# A man and his toys....



## ecto1 (Nov 20, 2010)

OK I already own a Turkey Fryer but I was at Academy this morning and saw this so know I have a traditional turkey Fryer and a Oil-free Turkey Fryer.  I am going to smoke a Turkey and cook one in my new Toy.  I may try a Chicken out tomarow or the next day just to try it out.  It is made by Masterbuilt so in my mind that means it comes from a Grade A company.  List price online $149 list price in store $99 purchase price $59 after 10 dollar gift card I had.


----------



## mballi3011 (Nov 20, 2010)

Now I have a turkey frier set up ans will be frying and smoking turkeys this year. I don't have or have never used a oiless frier. I do know the Bob (Eman) did just got a oiless frier so he will be around soon.


----------



## eman (Nov 20, 2010)

trying it out today for the first time and will report results tonight.


----------



## Bearcarver (Nov 20, 2010)

Wow!

I just checked out your owners manual !!!

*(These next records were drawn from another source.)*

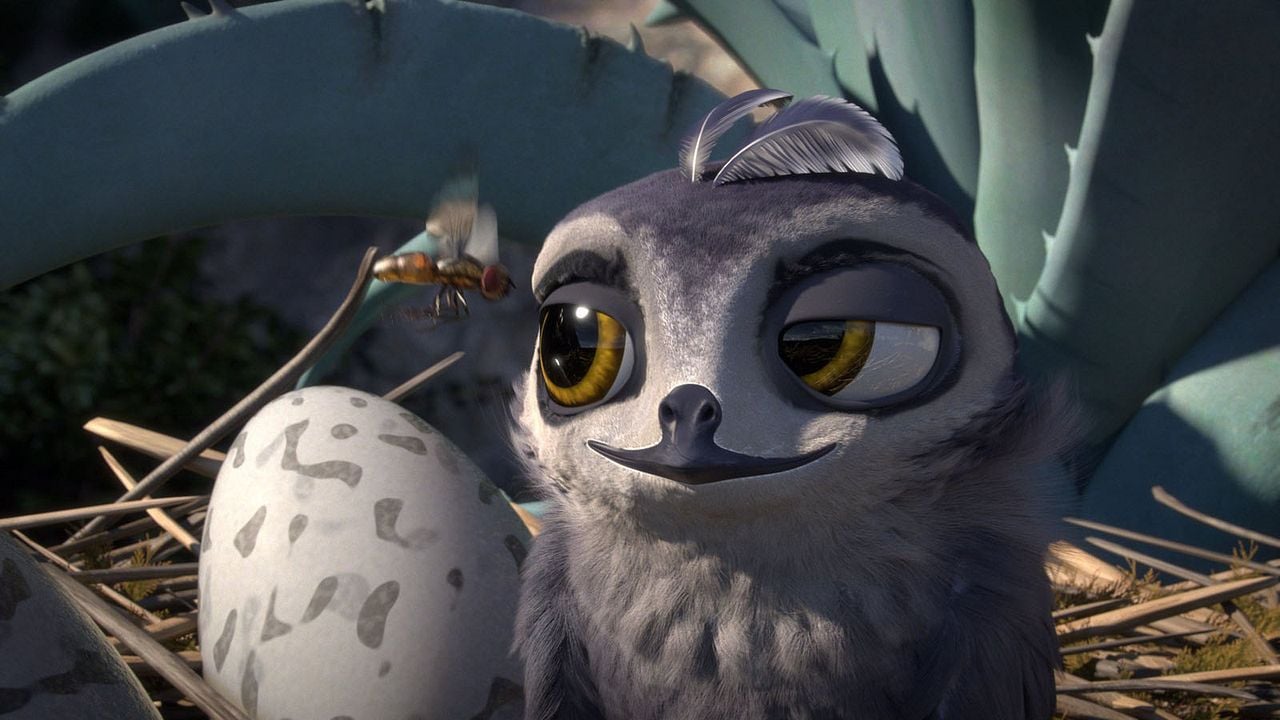 Pajaritos a volar : Foto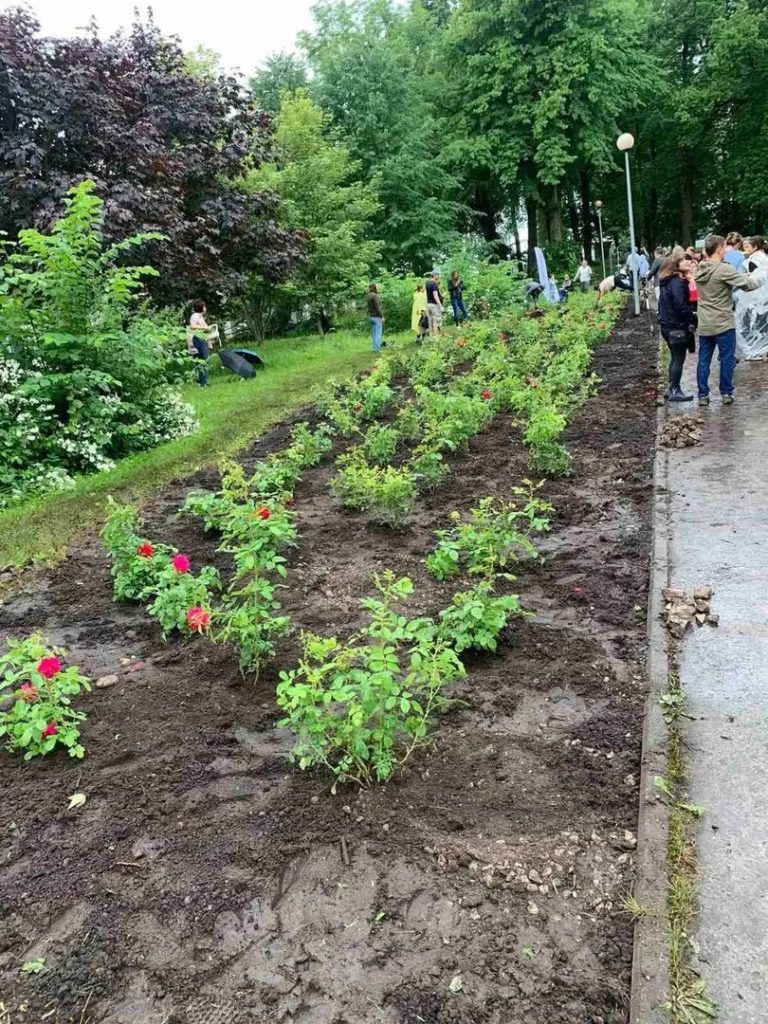 В Таллинне украинские беженцы в благодарность за гостеприимство высадили аллею роз (ФОТО) 10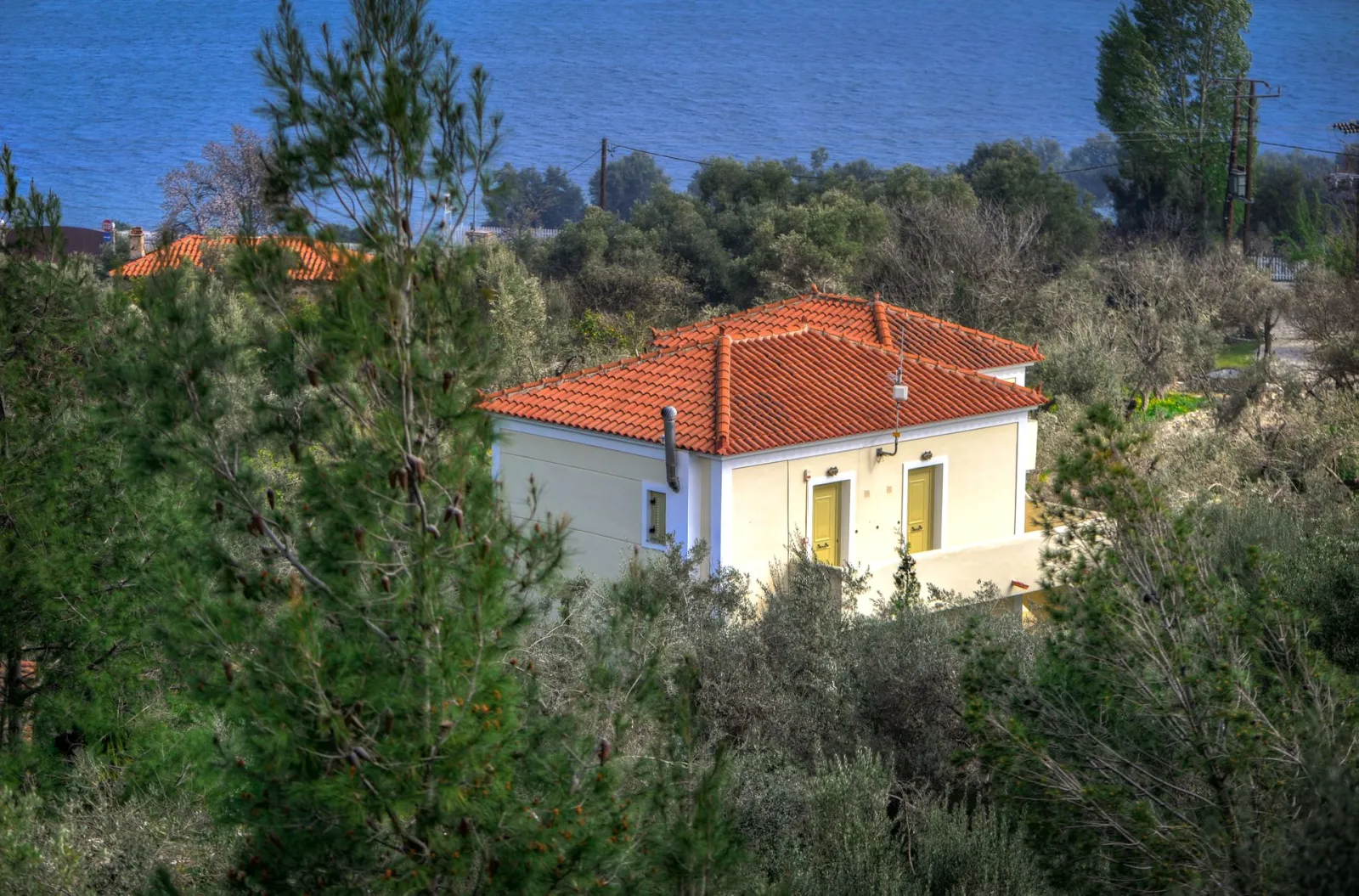 Yera building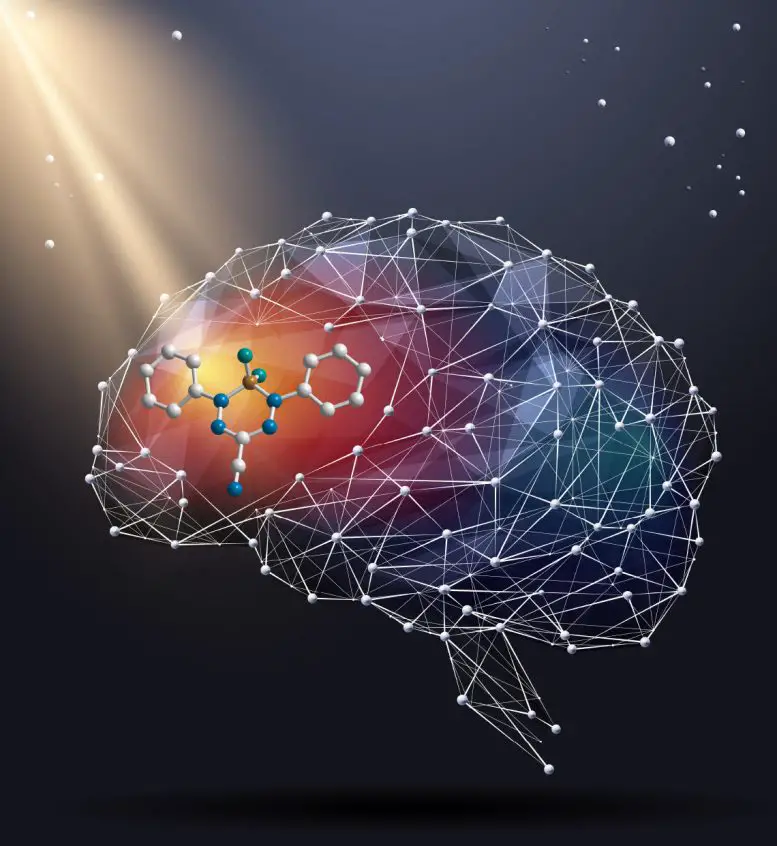 Formanzanate NIR II Small Molecule Dye Brain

Up to 18 pound turkey at 10 minutes per pound, without oil.

Cool !

Hope to see some Qview real soon!

Bear


----------



## ecto1 (Nov 20, 2010)

OK I just put this thing together and I like it so far.  It is built like a tank very heavy I think I am going to give it a test run tomorrow or Monday with a chicken to see how she holds up.  No way an 18 pound bird fits in this thing but a 14 ponder should not have any issues.


----------



## eman (Nov 20, 2010)

that looks smaller than the big easy,

 Just pulled my first chicken out the big easy.

 WOW!!!!  This is probably the juiciest chicken i have ever eaten.

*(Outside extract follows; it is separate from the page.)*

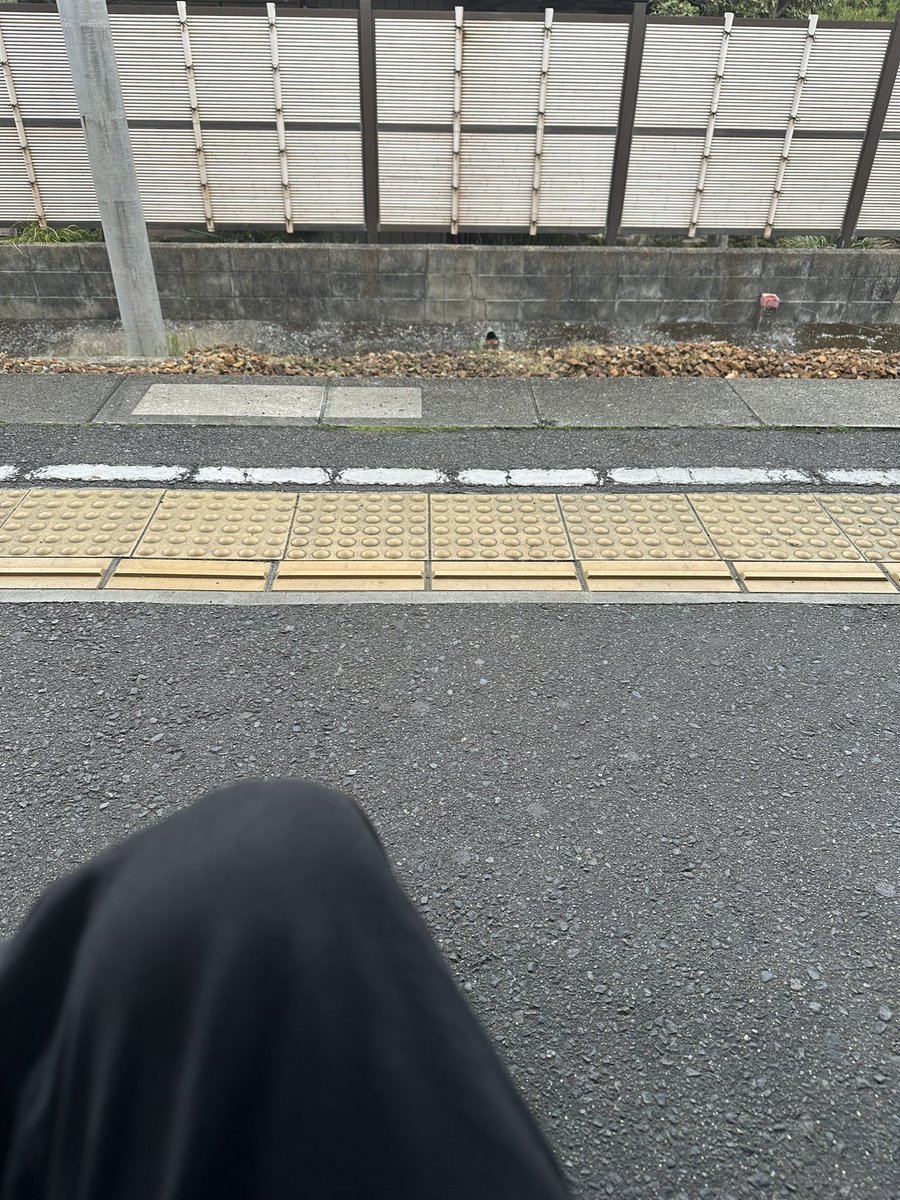 レンちゃん🎿さん付けは要らんです tweet media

Cooked to 164 and rested  for 15 min. till we couldn't stand it anymore.

carved and wow!!! The skin is crunchy fantastic.

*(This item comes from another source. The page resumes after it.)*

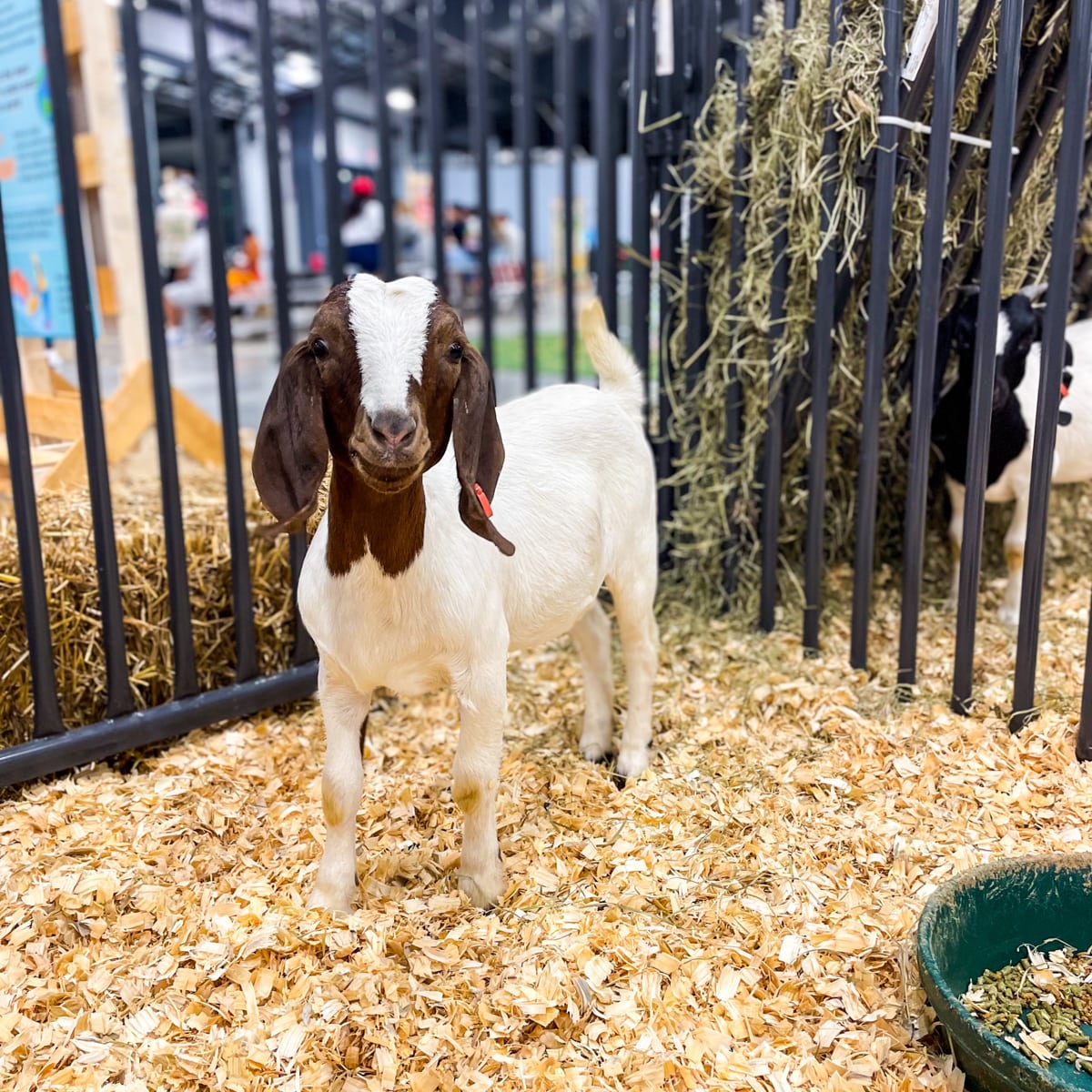 goat at the petting zoo at the nashville fair as a fun thing to do in nashville in fall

 Would i buy it again ? so far ,Yes.

 Just put a second chicken on to cook.


----------



## ecto1 (Nov 20, 2010)

eman said:


> that looks smaller than the big easy,
> 
> Just pulled my first chicken out the big easy.
> 
> ...


Coming from Cajun Country that is all I needed to hear.  I am looking forward to using this thing.  Did you coat your bird with Olive Oil before you put it in the Big easy?


----------



## eman (Nov 20, 2010)

Yes i coated it w/ olive oil. I rubbed these birds down last night w/ pig rub and then looking at the forum for the big easy

i found that they recomend not using a high sugar rub. so i  rinsed the outside ,patted it dry and oiled it

The second one is my rub no oil just as a comparrison test.


----------



## Bearcarver (Nov 20, 2010)

ECTO1 said:


> OK I just put this thing together and I like it so far.  It is built like a tank very heavy I think I am going to give it a test run tomorrow or Monday with a chicken to see how she holds up.  No way an 18 pound bird fits in this thing but a 14 ponder should not have any issues.


I thought an 18 pounder was a bit big too, but I think your owners manual says that.

Maybe they beat it in---Did they give you a sledge with that thing?

Bear


----------



## eman (Nov 20, 2010)

Just carved up the second chicken and it taste better than the first. Skin was allmost black from the sugar in the rub .

But i have to say this is a great way to cook a bird w/o oil . Smo/fry won't seem to be a problem as long as the cooker is pre heated. The thing will get to around 450° w/o any food in it.


----------



## ecto1 (Nov 21, 2010)

I am trying mine out right now.  I saw the Butterball and the big easy side by side and they are about the same size.  I injected and coated with oil and sprinkled with natures seasoning.  Will post some Q-view later.


----------



## ecto1 (Nov 21, 2010)

Very Juicy great bird skin not as crisp as I thought.  I think it could have done longer in the cooker and it still would have been very juicy.


----------



## deannc (Nov 21, 2010)

I was wondering how these would work out when I seen them in the store a couple of weeks ago.  Y'all have me curious and thinking about picking one up now.


----------



## thebarbequeen (Nov 21, 2010)

Oh Man are you guys getting me curious!! more pic's please??  this sounds like a really fun "necessary tool for expanding my culinary efforts"  what other tricks does it do??


----------



## arnie (Nov 21, 2010)

OH GREAT! My wife already thinks I have too many toys


----------



## eman (Nov 21, 2010)

The big easy has it's own forum . Them guys are serious about that thing

www.sizzleonthegrill.com/user-forums


----------



## ecto1 (Nov 22, 2010)




----------



## scarbelly (Nov 22, 2010)

That looks like a neat toy for sure. I have a whole wall in my garage with 5 shelves dedicated to cooking toys so I may have to make some room for one more. Would love to see some pics and a review


----------